*Aim of the task*: What is needed is an exact copy of the lines from the one containing "AvoLusion Pro-M5 Series" through the last line of the records, with no pictures.

*Material supplied*:
--- START ---
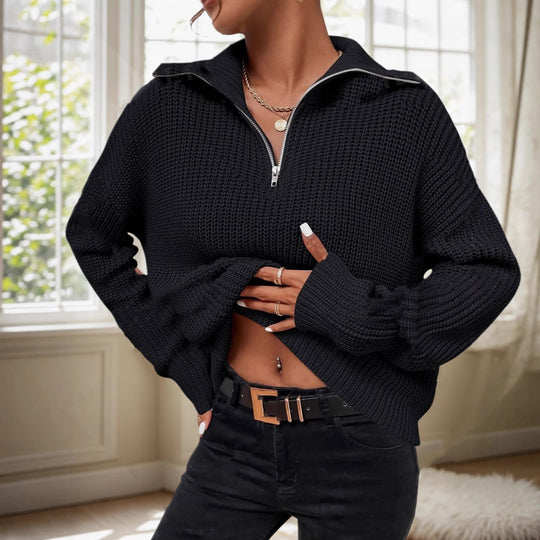 Damen lockerer Strickpullover Heidi-Mode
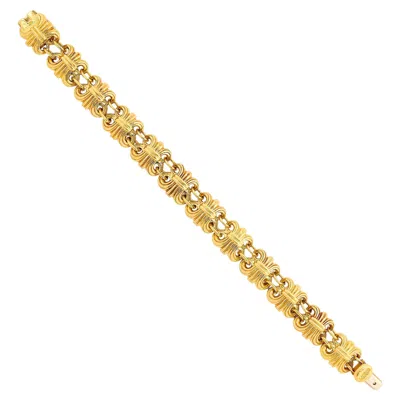 Pre-owned Lagos 22 Karat And 18 Karat Yellow Gold Fleur De Lis Link Bracelet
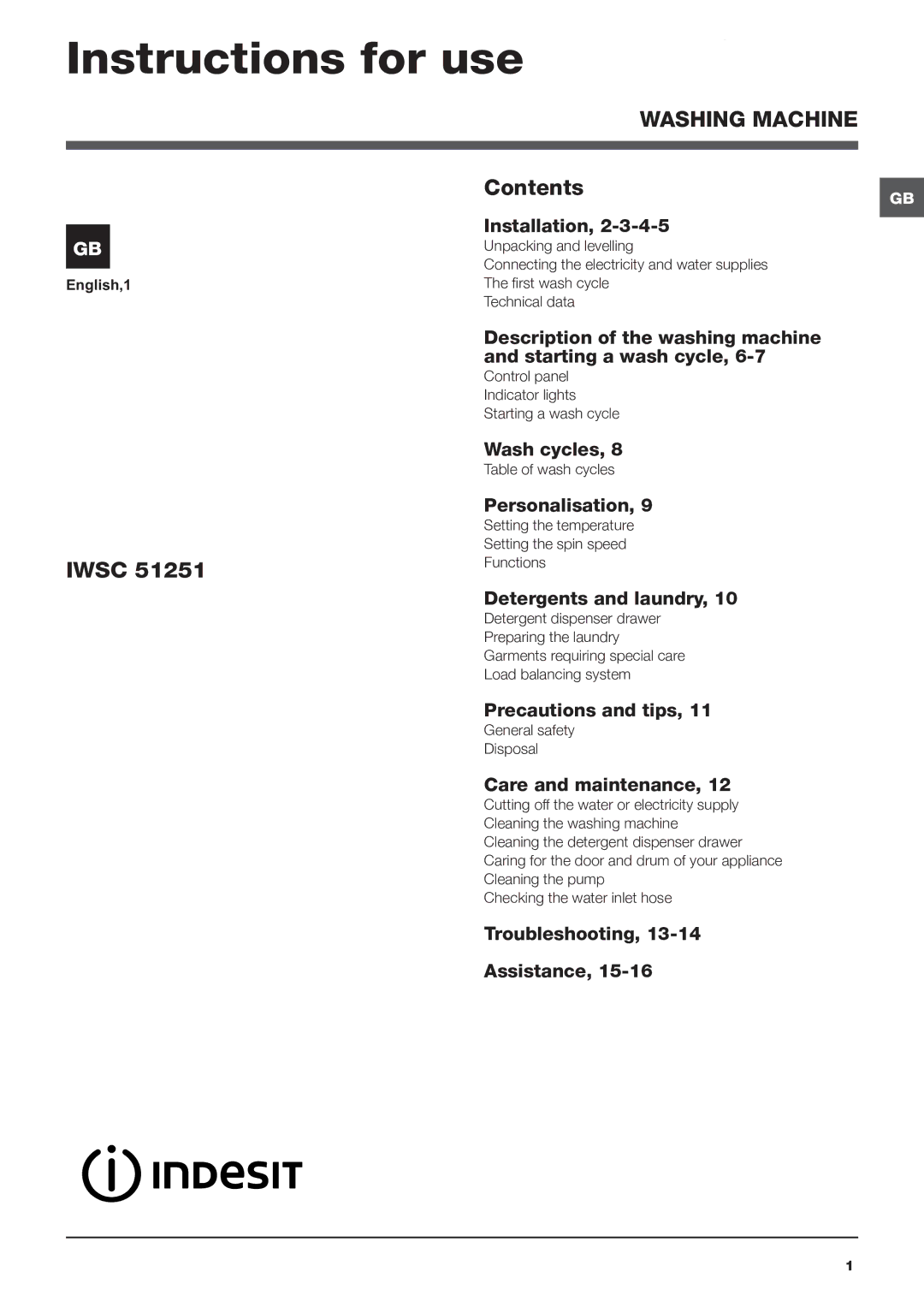 Indesit IWSC manual Instructions for use, Washing Machine 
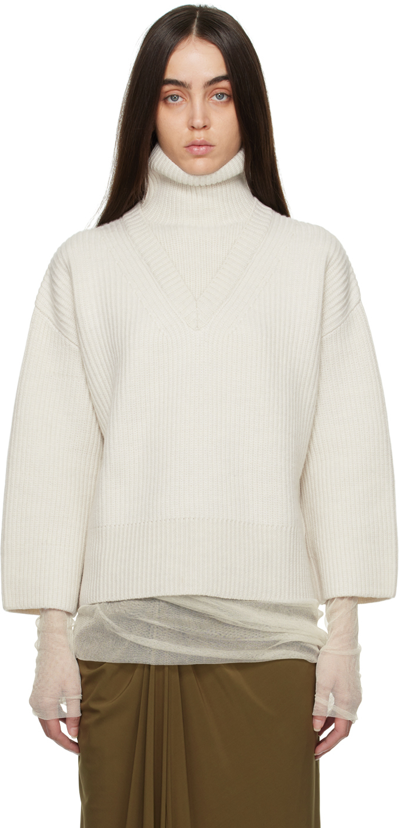 Mark Kenly Domino Tan White Koline Turtleneck In Bone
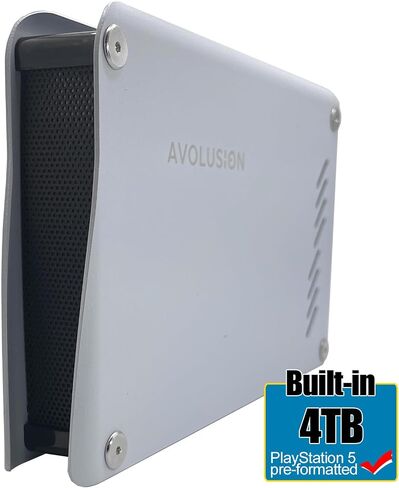 AvoLusion Pro-M5 Series 6TB USB 3.0 محرك الأقراص الصلبة للألعاب الخارجية (لوحدة التحكم في لعبة PS5) (أبيض ، حالة معدنية) (متجددة) in Saudi Arabia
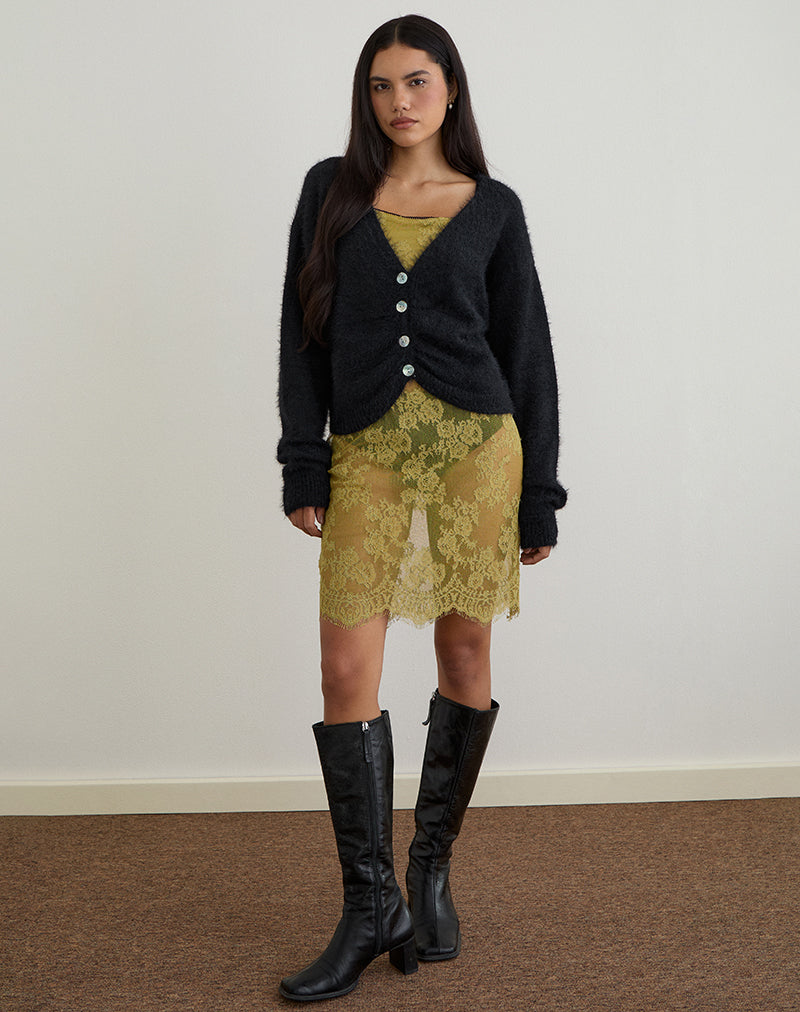 Image of Jiyo Gathered Cardigan in Knit Black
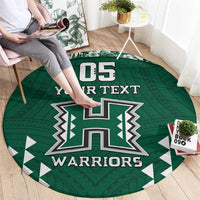 Custom Hawaii Football Round Carpet Rainbow Warriors Tropical Vibes LT05 - Polynesian Pride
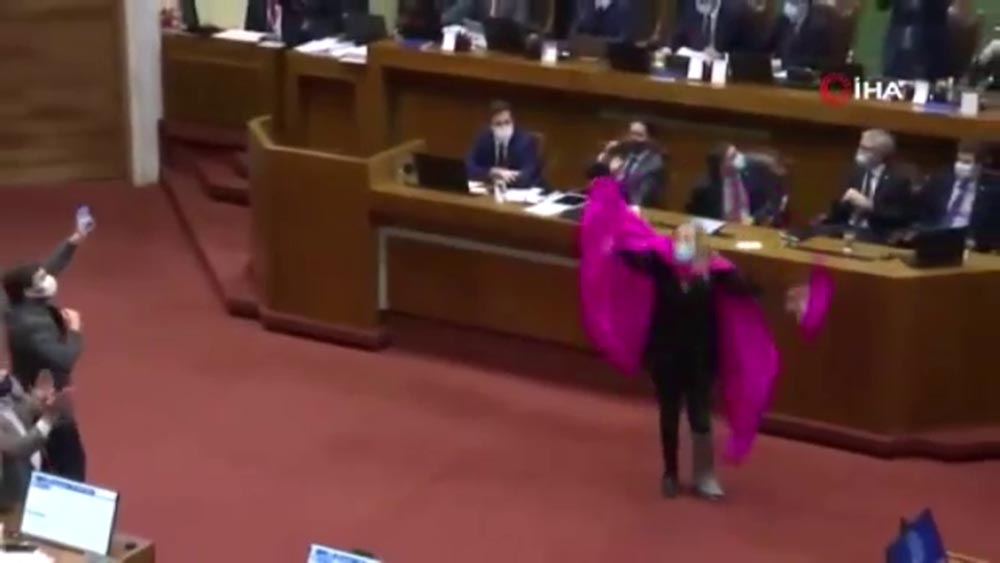 Şili’de milletvekilinden pembe pelerinle yasa tasarısı sevinci
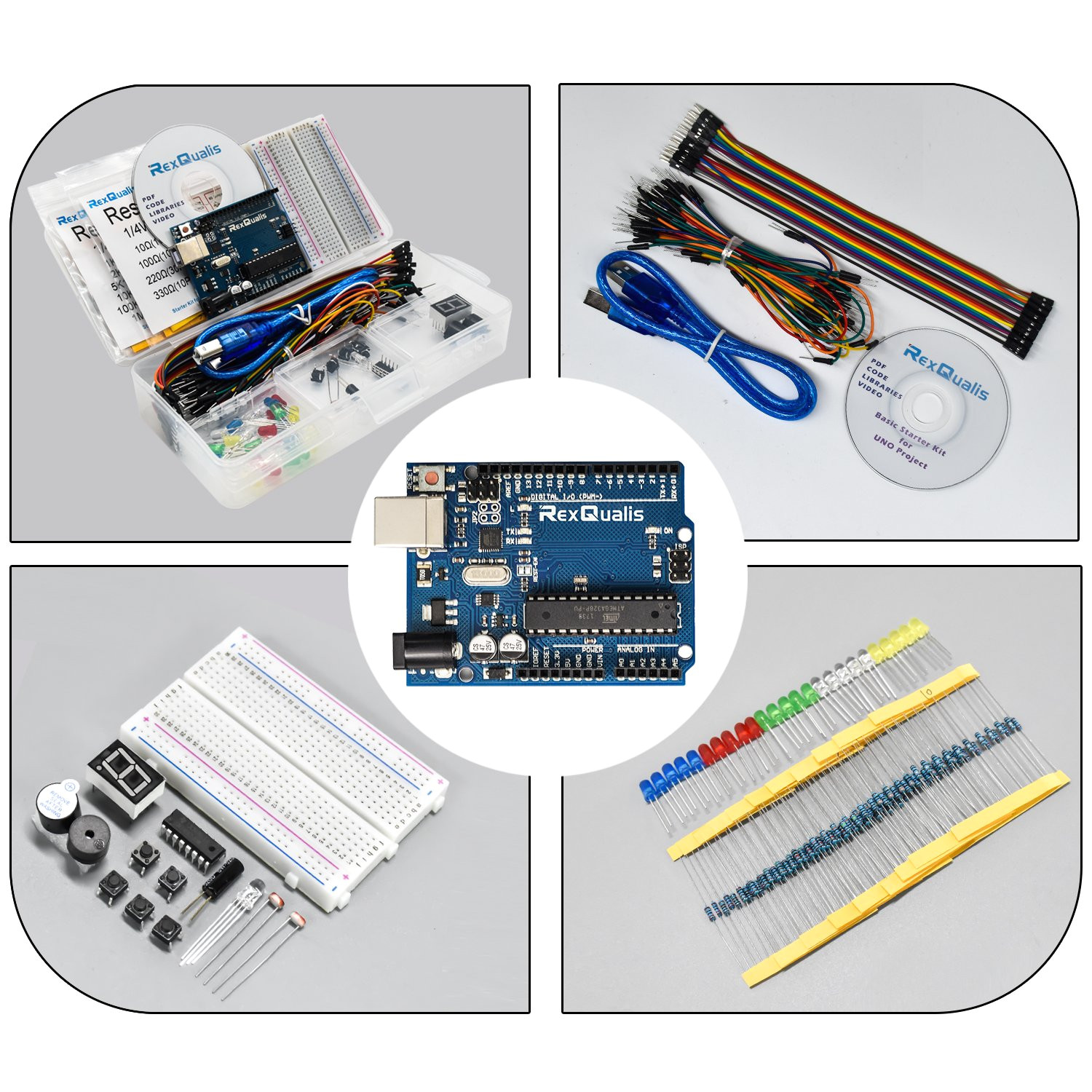 amazon com rexqualis arduino uno project basic starter kit for arduino w uno r3 development board detailed tutorial breadboard buttons jumper wires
--- END ---
*Answer area*:
 AvoLusion Pro-M5 Series 6TB USB 3.0 محرك الأقراص الصلبة للألعاب الخارجية (لوحدة التحكم في لعبة PS5) (أبيض ، حالة معدنية) (متجددة) in Saudi Arabia
 Image of Jiyo Gathered Cardigan in Knit Black
 Custom Hawaii Football Round Carpet Rainbow Warriors Tropical Vibes LT05 - Polynesian Pride
 Şili’de milletvekilinden pembe pelerinle yasa tasarısı sevinci
 amazon com rexqualis arduino uno project basic starter kit for arduino w uno r3 development board detailed tutorial breadboard buttons jumper wires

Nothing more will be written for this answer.